Graduate School of Business


Doctor of Business Administration (DBA)


Richard Fendler


Financial Adversity, Small Business Enterprises, Success, Resiliency, Alabama




Financial adversity experienced by small business enterprises are harmful to the internal cash flows, productivity, and long-term success of the small business. In previous literature a majority of the focus of research is on the causes of small business failure whether it be financial, operational, or other factors. This has led to a gap in the literature on how businesses that experience financial adversity can still be successful and resilient. This correlational quantitative study examined the relationships between financial adversity and small Business Success and resiliency for small businesses in the state of Alabama. The statistical analysis determined that higher levels of financial adversity correlated with lower levels of Business Success. The analysis found evidence of a significant differences between certain industries that the small business operated in and their potential for success and resiliency.
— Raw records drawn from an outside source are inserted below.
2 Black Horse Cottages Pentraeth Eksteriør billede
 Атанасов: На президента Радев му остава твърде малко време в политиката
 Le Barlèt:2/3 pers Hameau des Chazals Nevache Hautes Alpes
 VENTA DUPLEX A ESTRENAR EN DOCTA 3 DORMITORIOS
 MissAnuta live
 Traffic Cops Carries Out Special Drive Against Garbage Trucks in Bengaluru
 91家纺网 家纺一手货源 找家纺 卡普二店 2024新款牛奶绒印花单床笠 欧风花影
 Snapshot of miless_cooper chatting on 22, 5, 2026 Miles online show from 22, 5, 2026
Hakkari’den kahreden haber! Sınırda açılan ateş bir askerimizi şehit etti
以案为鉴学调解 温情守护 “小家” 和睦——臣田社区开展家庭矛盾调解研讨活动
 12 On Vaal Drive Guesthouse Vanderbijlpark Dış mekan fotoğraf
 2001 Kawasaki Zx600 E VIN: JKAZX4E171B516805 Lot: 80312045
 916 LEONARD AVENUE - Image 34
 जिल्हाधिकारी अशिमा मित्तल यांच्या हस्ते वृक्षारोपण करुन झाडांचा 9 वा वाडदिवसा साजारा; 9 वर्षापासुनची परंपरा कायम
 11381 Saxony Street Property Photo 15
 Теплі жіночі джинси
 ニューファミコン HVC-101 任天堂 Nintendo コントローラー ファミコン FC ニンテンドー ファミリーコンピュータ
Finally, the study was able to identify different business characteristics that were significant predictors of Business Success and resiliency. These predictors include age, race, previous industry experience, financial management literacy, innovation, and level of financial adversity. With these findings small businesses in Alabama will be able to address different characteristics in order to lessen their financial adversity in order to be successful. Small businesses will also be able to take the identified business characteristics and improve on them where needed to increase their likelihood for success and resiliency.